城下コース(40)

正岡子規まさおかしき誕生地

 慶応3年(一八六七)9月17日(陽暦10月14日)晴 午前9時頃、伊予国温泉郡藤原新町(後松山市新玉町一丁目8番9番地、現花園町3番5号)に出生。幼名処之助、四、五歳の頃、「升」と改める。はじめは「ところさん」のち「のぼさん」と呼ばれ、近親者は、最期まで「のぼさん」と呼び続けた。母八重は子規のことを、「赤ン坊の時はそりゃ丸い顔てて、丸い顔てて、よっぽど見苦しい顔でございました。鼻が低い低い妙な顔で、ようまァ此頃のやうに高くなったものぢゃと思ひます。」と話している。又、泣き虫で、よく夜泣きをしたともいう。父隼太常尚は松山藩士、御馬廻加番(「加番」は補助の意という)、元、九石三人扶持の大小姓。妹の律の話では、禄高五〇俵。大酒家。表はオロ垣(竹の枯枝)を結び、垣の内には、珊瑚樹の植え木が並んでいたという。翌年、湊町新町に転居した。

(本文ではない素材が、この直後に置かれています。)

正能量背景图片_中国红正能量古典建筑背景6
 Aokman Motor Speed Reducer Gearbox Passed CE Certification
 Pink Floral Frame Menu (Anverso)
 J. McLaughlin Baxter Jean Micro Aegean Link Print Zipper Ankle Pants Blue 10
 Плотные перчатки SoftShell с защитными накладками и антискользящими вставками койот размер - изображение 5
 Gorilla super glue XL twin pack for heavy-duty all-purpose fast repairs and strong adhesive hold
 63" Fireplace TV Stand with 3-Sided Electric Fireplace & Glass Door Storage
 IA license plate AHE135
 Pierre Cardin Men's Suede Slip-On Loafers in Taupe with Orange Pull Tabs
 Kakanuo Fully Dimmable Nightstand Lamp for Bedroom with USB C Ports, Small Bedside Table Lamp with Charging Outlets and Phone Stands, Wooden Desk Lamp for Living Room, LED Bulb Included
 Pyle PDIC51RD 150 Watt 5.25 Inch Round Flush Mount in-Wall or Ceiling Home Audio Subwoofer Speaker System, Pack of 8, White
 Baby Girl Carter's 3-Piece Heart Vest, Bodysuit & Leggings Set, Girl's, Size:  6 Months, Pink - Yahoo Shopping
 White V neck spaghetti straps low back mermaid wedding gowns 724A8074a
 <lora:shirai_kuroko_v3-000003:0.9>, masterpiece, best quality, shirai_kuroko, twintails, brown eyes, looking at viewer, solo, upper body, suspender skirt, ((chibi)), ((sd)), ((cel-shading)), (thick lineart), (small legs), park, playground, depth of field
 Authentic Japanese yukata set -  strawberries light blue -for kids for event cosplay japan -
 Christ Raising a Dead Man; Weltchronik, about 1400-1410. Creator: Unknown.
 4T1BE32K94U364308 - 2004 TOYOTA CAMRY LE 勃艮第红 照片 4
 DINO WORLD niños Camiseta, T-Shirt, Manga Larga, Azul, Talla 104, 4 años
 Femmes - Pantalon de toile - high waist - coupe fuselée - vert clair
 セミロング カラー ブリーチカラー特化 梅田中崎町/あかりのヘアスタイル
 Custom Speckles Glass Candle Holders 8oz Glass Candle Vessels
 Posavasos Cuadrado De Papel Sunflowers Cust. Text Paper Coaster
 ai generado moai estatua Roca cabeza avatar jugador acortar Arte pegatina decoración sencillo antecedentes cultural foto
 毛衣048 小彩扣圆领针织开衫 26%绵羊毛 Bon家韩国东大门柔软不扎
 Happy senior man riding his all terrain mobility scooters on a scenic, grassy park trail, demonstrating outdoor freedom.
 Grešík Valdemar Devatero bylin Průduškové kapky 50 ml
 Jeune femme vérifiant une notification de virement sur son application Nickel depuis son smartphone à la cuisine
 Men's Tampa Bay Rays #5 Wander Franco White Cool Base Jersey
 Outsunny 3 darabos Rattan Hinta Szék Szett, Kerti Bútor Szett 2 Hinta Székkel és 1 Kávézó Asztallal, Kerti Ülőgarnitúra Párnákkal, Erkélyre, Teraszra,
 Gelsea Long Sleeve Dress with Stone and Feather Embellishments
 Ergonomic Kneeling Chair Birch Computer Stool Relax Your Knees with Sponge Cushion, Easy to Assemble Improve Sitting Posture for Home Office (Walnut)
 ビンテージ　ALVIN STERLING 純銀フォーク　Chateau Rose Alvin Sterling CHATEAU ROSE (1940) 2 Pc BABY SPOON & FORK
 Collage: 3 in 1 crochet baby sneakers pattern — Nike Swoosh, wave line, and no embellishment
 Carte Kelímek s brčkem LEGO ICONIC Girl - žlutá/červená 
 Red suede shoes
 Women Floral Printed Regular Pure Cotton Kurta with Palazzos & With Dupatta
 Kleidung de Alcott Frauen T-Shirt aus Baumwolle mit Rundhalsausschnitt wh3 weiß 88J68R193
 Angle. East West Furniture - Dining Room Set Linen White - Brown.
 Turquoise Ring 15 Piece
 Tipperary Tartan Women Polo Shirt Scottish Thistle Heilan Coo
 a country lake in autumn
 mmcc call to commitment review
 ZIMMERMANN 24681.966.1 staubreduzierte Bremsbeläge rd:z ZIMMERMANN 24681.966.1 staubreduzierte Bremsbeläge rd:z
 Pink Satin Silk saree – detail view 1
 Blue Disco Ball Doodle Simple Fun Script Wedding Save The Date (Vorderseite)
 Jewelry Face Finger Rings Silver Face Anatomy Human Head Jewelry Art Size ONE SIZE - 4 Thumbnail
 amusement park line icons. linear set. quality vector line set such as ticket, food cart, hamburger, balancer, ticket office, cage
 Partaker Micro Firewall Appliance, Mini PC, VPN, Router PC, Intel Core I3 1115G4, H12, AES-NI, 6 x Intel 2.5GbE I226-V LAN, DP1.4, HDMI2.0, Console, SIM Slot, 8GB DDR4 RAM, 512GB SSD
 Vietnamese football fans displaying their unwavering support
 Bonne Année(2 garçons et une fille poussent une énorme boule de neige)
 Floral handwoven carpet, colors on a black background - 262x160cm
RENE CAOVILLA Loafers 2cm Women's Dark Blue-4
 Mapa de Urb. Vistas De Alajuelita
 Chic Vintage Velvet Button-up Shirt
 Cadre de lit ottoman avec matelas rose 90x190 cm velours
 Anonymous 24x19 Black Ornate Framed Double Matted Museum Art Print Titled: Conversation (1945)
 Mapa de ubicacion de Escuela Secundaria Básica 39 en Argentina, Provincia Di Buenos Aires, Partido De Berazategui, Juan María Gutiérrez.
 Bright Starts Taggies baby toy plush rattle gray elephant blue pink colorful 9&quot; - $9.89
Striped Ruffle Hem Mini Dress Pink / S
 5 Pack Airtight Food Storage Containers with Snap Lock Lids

 この生家の向かいが学友清水則遠の家で、彼は東京の下宿で子規と同居中脚気衝心のため亡くなった。子規は行き届いた処置をして、その模様を生家へ切々たる手紙で報告している。(「正岡子規生い立ちの家跡/くれなゐの梅散るなへに故郷に つくしつみにし春し思ほゆ」参照。)